Jealousy takes no account of anything except its satisfaction. In all these
ways Iago mirrors jealousy exactly. This close relation and near perfect
embodiment of jealous at every metaphysical level leads to abstract conclusions
that begin with asking the question, could the play progress as it did without
Iago.
If one considers,
given the near perfect embodiment of jealousy that Iago has generated, that
Iago does not embody jealousy, but rather in fact is jealousy, the abstract
implications begin to unfold and the evidence for such begins to become clear.

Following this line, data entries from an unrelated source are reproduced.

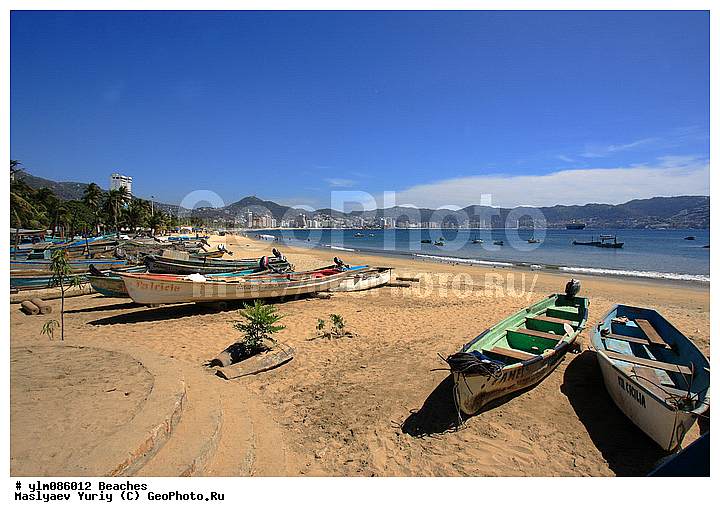 �����, �����, ����, ���������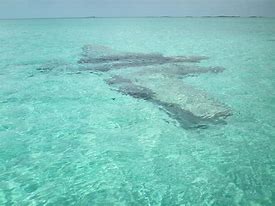 Image result for Underwater Plane Wreck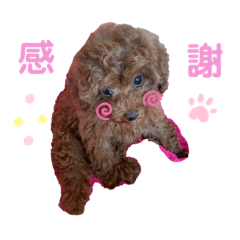 [LINEスタンプ] 大澤こむぎの会話スタンプ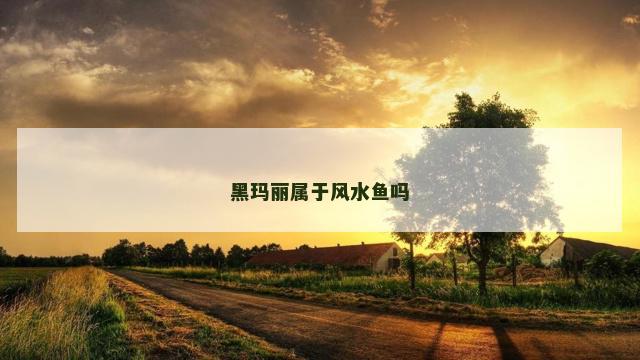 黑玛丽属于风水鱼吗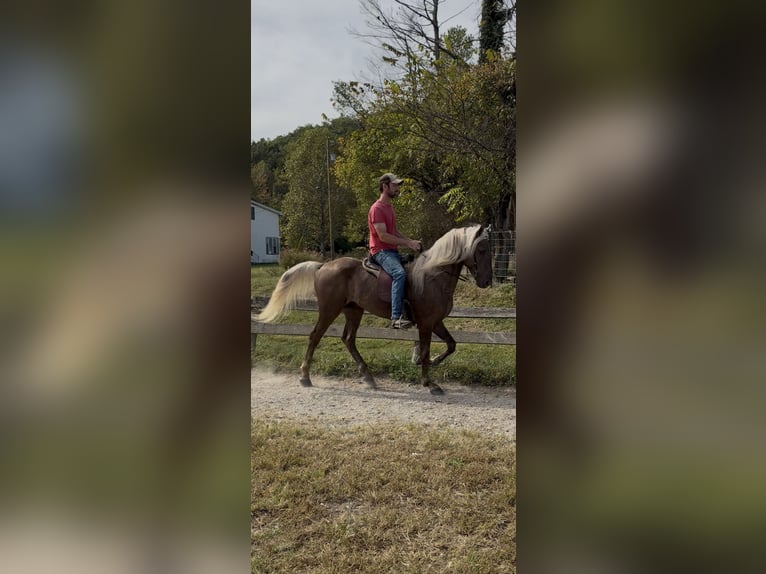 Rocky Mountain Horse Wałach 3 lat 157 cm Jasnogniada in Frenchburg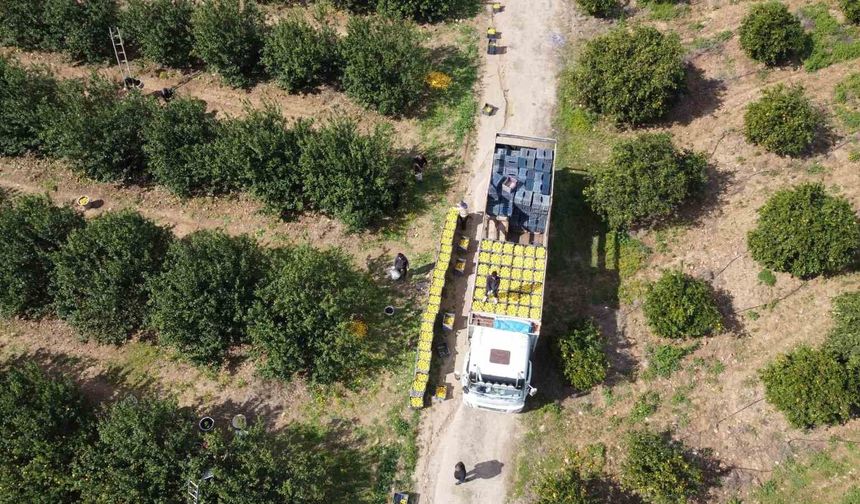 Dikenli limon üreticinin yüzünü güldürdü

If Iago were not a physical character in the play but rather the abstraction of
jealousy present in the community, interpersonal relationships, and selves of
all the other characters in the play and they all were to fall victim to their
own jealous inclinations, just as they do to Iago’s lures, then the play could
progress as it does without fail. For isn’t it true that the desperate
conclusions to which all the characters attend are drawn to by themselves and
their own mental steering or in Iago’s own words in act II scene III, “and
what’s he then that says I play the villain, When this advice is free I give
and honest, probal to thinking.” Another avenue of evidence for this
abstraction of Iago is his long addresses to the audience, which implies his
ability to function both within the play and outside its boundaries, something
no other character can do.
A critical review
of “Othello” allows for the discernment of the depth of interconnectivity between
Iago and jealousy. It becomes clear that Iago is a character composed of,
driven by, representing, embodying, and possibly even abstractly existing as
jealousy in the communal, interpersonal, and personal levels as a hidden
omnipresent force, universal scale of worth, and mysterious incorrigible innate
emotion. It is a testament to the ability of Shakespeare to so masterfully
compose a character that absolutely embodies a single emotion without
explicitly stating it and confining it entirely within the human experience.